## Aim of the task
Stop after the line containing "Heatless Curling Rod"; retype every line of the data before it exactly, starting from the first.

## Recorded data
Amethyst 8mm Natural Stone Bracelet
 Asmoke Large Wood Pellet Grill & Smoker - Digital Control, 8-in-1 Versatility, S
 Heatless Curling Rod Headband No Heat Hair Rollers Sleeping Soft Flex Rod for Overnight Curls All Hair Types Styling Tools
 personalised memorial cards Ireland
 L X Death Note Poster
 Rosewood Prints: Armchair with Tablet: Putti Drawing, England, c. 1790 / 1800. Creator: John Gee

## Reply
Amethyst 8mm Natural Stone Bracelet
 Asmoke Large Wood Pellet Grill & Smoker - Digital Control, 8-in-1 Versatility, S
 Heatless Curling Rod Headband No Heat Hair Rollers Sleeping Soft Flex Rod for Overnight Curls All Hair Types Styling Tools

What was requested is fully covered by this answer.